Editorials

Drug problem no sitcom fantasy

In the world of 1950s sitcoms, Rand Paul's ideas on handling the drug issue at the local level would have made a great story line for Sheriff Andy Taylor and Deputy Barney Fife, who, by the end of the episode, would have foiled the evil drug gang and have its members locked up in a cell next to Otis — all without Barney having to take that bullet out of his shirt pocket.

But real life in the 1950s wasn't as simple as the residents of Mayberry made it seem, and it sure as heck isn't that simple these days.

Reality in Eastern Kentucky in 2010 is a drug epidemic of a size that no one town or one county can combat adequately, not even if it has its own Sheriff Andy and Deputy Barney.

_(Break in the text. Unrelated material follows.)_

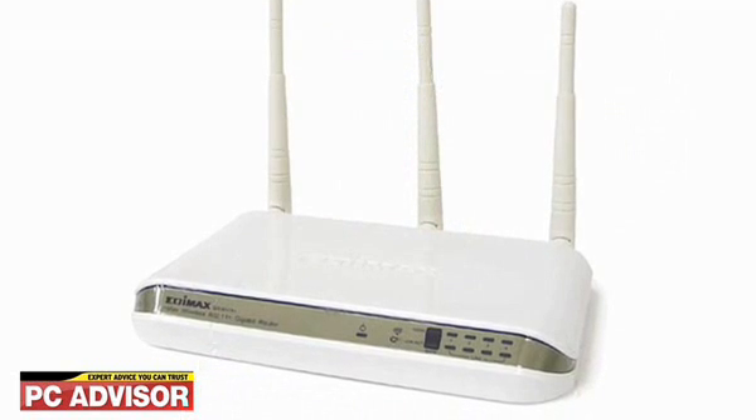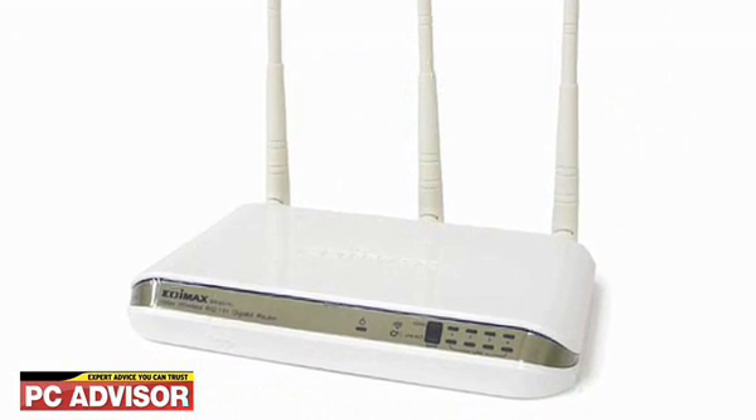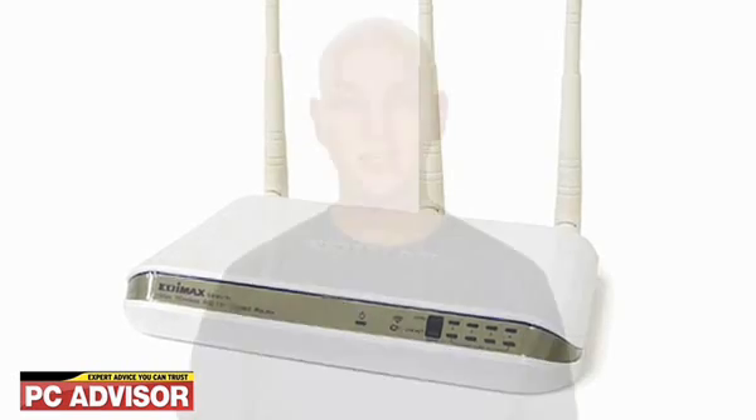Hi, I'm Ashley Raines and this is the Edimax BR6574N review. The Edimax wireless router is a smart looking glossy white device with a trio of detachable multiple input and output antennas. The status LED panel is a bit on the small side, but otherwise the router is attractive and you can stand it up vertically as well.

It takes state and federal involvement to deal with pill pipelines that connect the mountains of Appalachia to the shores of South Florida. Local governments simply do not have the money or the manpower to run sting operations on the traffickers or provide treatment for the abusers.

But Paul appears oblivious to these facts, or at least he did when he addressed a gathering of local officials from across the commonwealth last week. "I think issues like drug use and abuse are best dealt with at the local level," he told them, adding that the efforts should be paid for at the local level as well.

It was another instance where his narrowly focused vision of a miniaturized federal government failed the reality check.

There are certain programs and services local and state governments cannot handle by themselves, not unless we want roads that don't connect with each other at the county line or a patchwork quilt of rules and regulations on such issues as air and water quality.

When damage is done to the headwaters of the Kentucky River in Eastern Kentucky, it has the potential to affect every down-river community that draws its water from the Kentucky before it flows into the Ohio River.

When smokestacks belch pollution into the air of one county, residents in downwind counties feel the effects as well.

Like roads and air and water quality, Kentucky's problems with pain-pill addiction and the spread of meth labs are too big for the manpower and budgets of local and state governments to handle.

Federal involvement in enforcement, treatment and education programs is a necessity. For even though all politics may be local, all solutions are not.

And Rand Paul's wishful, simplistic world view of how our various levels of government should operate and interact won't change that reality — or bring back the days of Sheriff Andy and Deputy Barney.